Аввакум радостно всплеснул руками.
— Други мои, светы!.. Вместе ко господу идем!
— Аввакумушко! Протопоп божий!
— Епифанушко, миленький! Федорушко, братец!
— Живы еще! Все живы! И помрем вместе!.. Лазарушко, и ты с нами!
Они обнимались и плакали, звеня цепями. Стрельцы, глядя на них, супились и отворачивались, чтобы скрыть слезы.
Звякнула щеколда оградной калитки, калитка распахнулась, и в ней показалось красное, прыщеватое лицо «людоеда».
— Эй!
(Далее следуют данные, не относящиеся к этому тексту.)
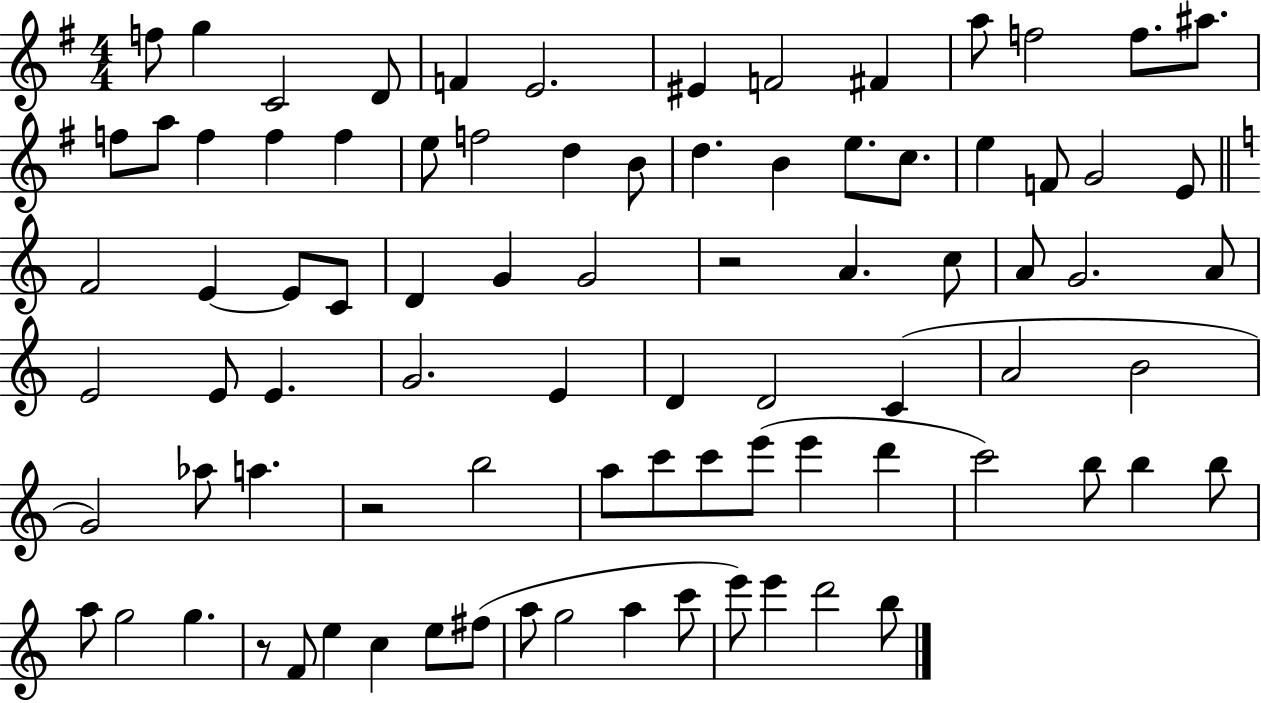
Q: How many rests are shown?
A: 3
Лизаться, пустосвяты, вздумали! — закричал Кузмищев. — Еще нацелуетесь с дымом да с полымем… Веди их, стрельцы!
Узников развели и повели гуськом к калитке. Впереди всех шел Аввакум. За тюремной оградой глазам арестантов представился большой сруб, наполненный щепами и установленный снопами сухого сена, перемешанного с берестой да паклей. Около сруба толпился народ.
Кузмищев, взяв у стоявшего около сруба с зажженными свечами монаха четыре восковых свечечки, раздал их осужденным.
— За мною, други мои, венцы царски ловить! — воскликнул Аввакум, поднимая вверх свечу и твердо всходя на костер.
Товарищи последовали за ним и стали на костре рядом, взявшись за руки.
Кузмищев достал из-за пазухи бумагу, медленно развернул ее, откашлялся. Но в этот момент Аввакум, перекрестившись и поклонившись на все четыре стороны, быстро нагнулся и, подобно старице Юстине в Боровске, в разных местах сам своею свечею подпалил сено и бересту. Пламя мгновенно охватило костер…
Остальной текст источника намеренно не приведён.